A massive pile of railway ties that is an eyesore — and an occasional nose sore — in Eckville is expected to be removed by spring.

Ryan Capnerhurst drops off recycling at Eckville’s Main Street depot near stacks of discarded CN Rail railroad ties Tuesday.

A massive pile of railway ties that is an eyesore — and an occasional nose sore — in Eckville is expected to be removed by spring.

Town councillors were peeved at how long it was taking Canadian National Railway Co. to move the stockpile of treated rail ties that had been piled up near the end of the town’s main drag since July.

The town was quick to raise concerns about the makeshift storage dump and was told by a CN official that it was hoped that the ties could be removed by the end of 2010, but that it might take until the following year for the entire load to be carted off.

Disgruntled councillors raised the issue again at a council meeting earlier this month. A motion was passed to send a letter to CN expressing the community’s concerns and urging the company to move the ties.

Town administrator Therese Kleeberger said on Tuesday that the company phoned her a few days later to tell her the ties would be removed soon.

“They’re going to get them removed hopefully this winter. They’re making it a priority to get the ties out of town by the spring.”

Kleeberger said the stockpile was considerable.

“There’s probably 1,000 ties or better,” she said, estimating the pile stands five to seven metres high.

Councillor Scott Kinley was among those annoyed it was taking so long to get the rid of the tie dump.

“It’s a big pile. It’s right by our skateboard park,” he said in an interview before he got word of the updated removal schedule.

“These things stink in the summer when the heat hits them.”

Kinley also feared the railway ties could prove a tempting climbing challenge for youngsters using the nearby park.

Residents have complained to him about the eyesore near the town’s main street and the mayor had taken calls from community members concerned the pungent wafts of preservative chemicals could be a health hazard for those with respiratory problems.

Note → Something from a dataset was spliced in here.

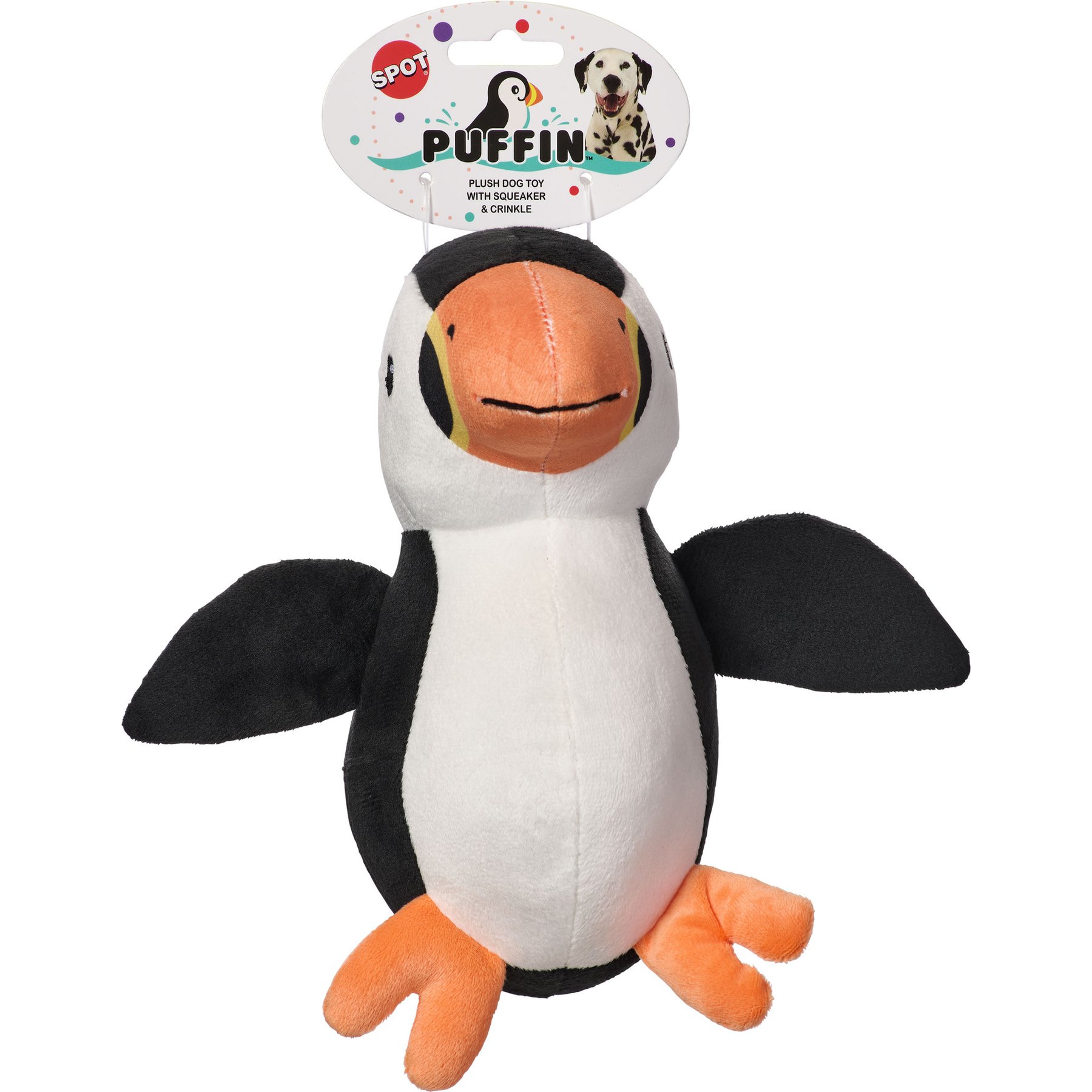 Spot Puffins Plush Dog Toy, Black/White/Orange/Yellow, 9-in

The town even had to cancel a planned fireworks show to kick off its annual tree lighting ceremony because the tie pile fell within the safety zone. If sparks or spent fireworks landed in the ties, they could smoulder for days before being whipped up into flames by the wind, he said. As it turned out, the fireworks could not have gone ahead this year because of a fire ban brought on by dry conditions, but the decision to cancel had been made a month earlier.

Kinley doesn’t understand why CN couldn’t find somewhere else to store the ties other than land they own in the middle of a community.

“CN has just hundreds and hundreds of places to put these things.

“It’s just not a good thing to do.”

The Advocate contacted CN on Tuesday but had not yet received a response.